Wow Laura - im so sorry for you. to get the news like that off anyone takes the mick but off someone else who has suffered with IF and knows you are too is just awful.

have you spoken to her at all yet?

i think you have a decision to make - can you give yourself a bit of time and distance to 'deal' and 'feel' but then leave it, put it to bed and continue in the family life as before?

if not then you will need to talk to her about it to air your thoughts - but i would be really careful about this and what you say to ensure you don't say something you will regret and make things worse for you both. 
you anger (justifiably) could be too strong to do this anytime soon.

it really is horrible - my sister said something extremely hurtful to me last year and i was so furious with her i couldn't even speak to her for months other that things relating to seeing my niece. i did intend to speak to her about how much she hurt me once things had calmed down but by then she was actually going through some problems with her hubby and i never found a good time - i got over it and she has made it up to me (i think she took note of my absence from her life for the few months i stopped talking to her and realised she needed to make things up to me)

but i was fortunate in that there was no clicking clock for me - i cant even imagine how it must feel knowing you only have a few months to sort this out before the birth.

do you have much support from your parents? will they understand your hurt at whats been done?
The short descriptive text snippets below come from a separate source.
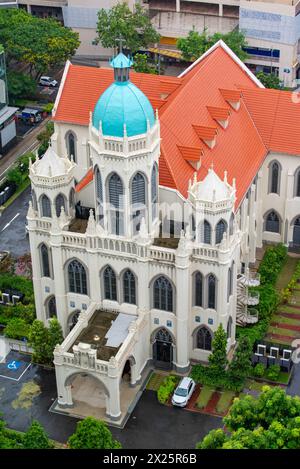 Guardando dall'alto verso la chiesa di St Josephs in Victoria Street, Singapore Foto Stock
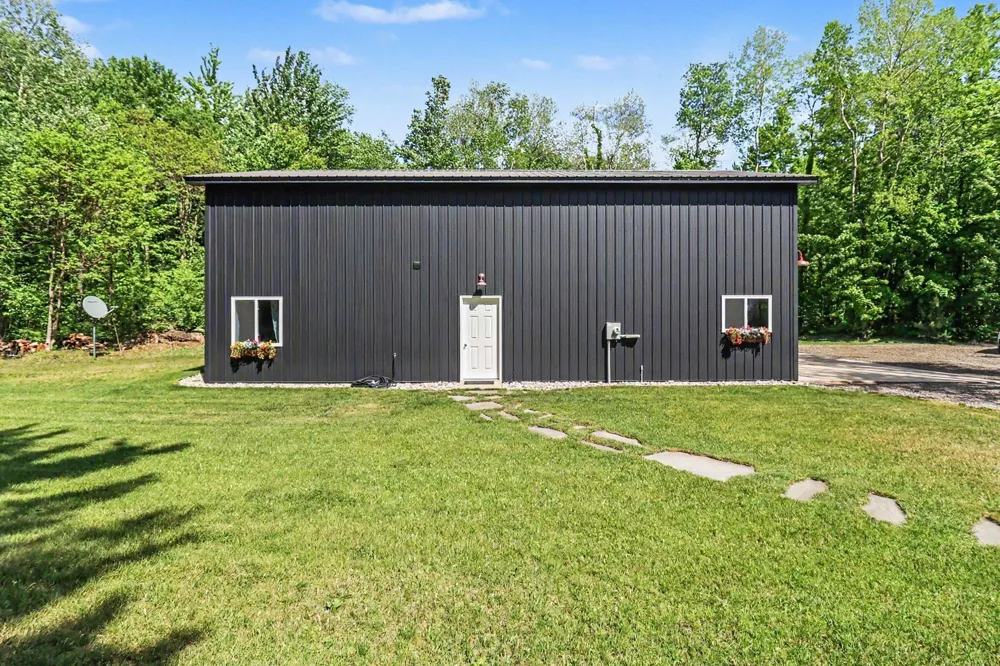 6830 120th Avenue Hart, MI 49420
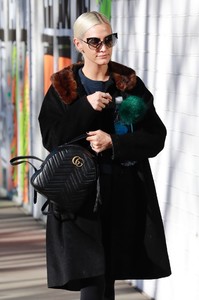 ashlee-simpson-heads-to-the-tracy-anderson-gym-in-studio-city-12-11-2017-3.jpg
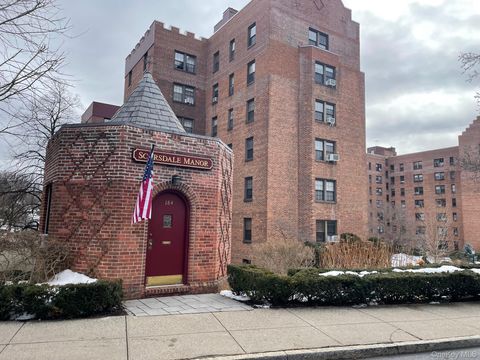 Photo of 192 Garth Road #4N, Scarsdale, NY 10583 (MLS # 901179)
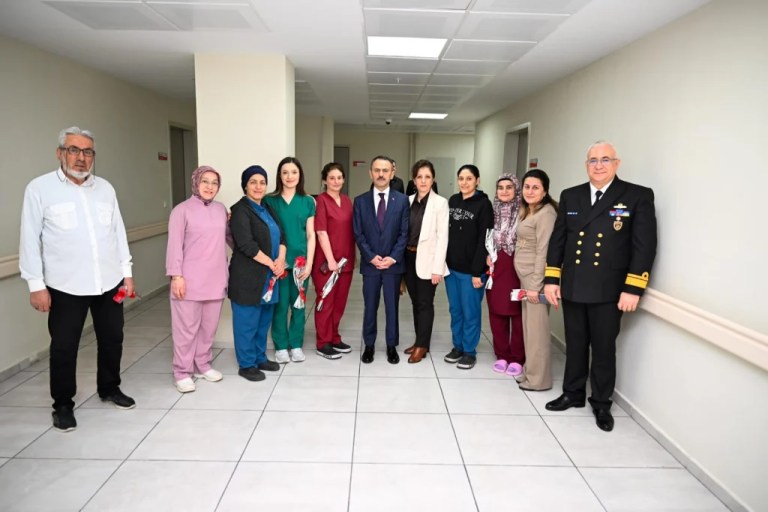 Vali Aktaş ve eşi, Kocaeli Huzurevi sakinleriyle bayramlaştı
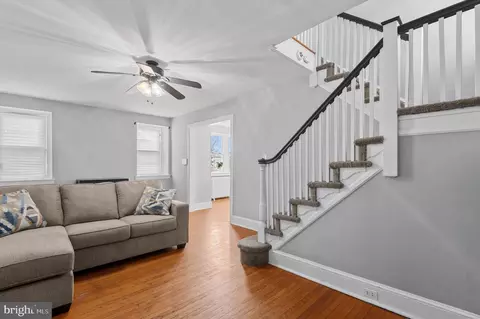 Entry Way - 7 Harvin Rd, Upper Darby, PA 19082 photo 2 of 11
i still cant believe she told you o mothers day - what a punch in the face!


----------



## Artypants (Jan 6, 2012)

WOW what unbelievably terrible timing, I would be extremely upset too, you do have to question what goes through some peoples brains sometimes. i would have some distance for a while as you would likely say something you may regret so take some time out from your relationship and then when you have had time to weigh up how you feel maybe let her know how insensitive her text was.

Big hug x


----------



## laura101 (Jun 24, 2014)

Thank-you so much for your replies. I like the idea of giving myself some distance to 'deal and feel'. (Great term!) I haven't talked with her and honestly I don't think I could be civil so I'm going to just leave it for the time being. I'd like to say something in the future - I just don't know what - I don't want to be branded the 'bitter infertile' who can't handle other people's pregnancies but then again I don't want to act as though they've done nothing wrong...and it's not the fact she's pregnant its very much the complete lack  of respect for our feelings...grrr!!!


----------



## Haydan (Oct 12, 2013)

yeh take your time hun and dont forget that you are completely justified in how you are feeling and reacting and if / when this does come out - dont let anyone tell you otherwise.


----------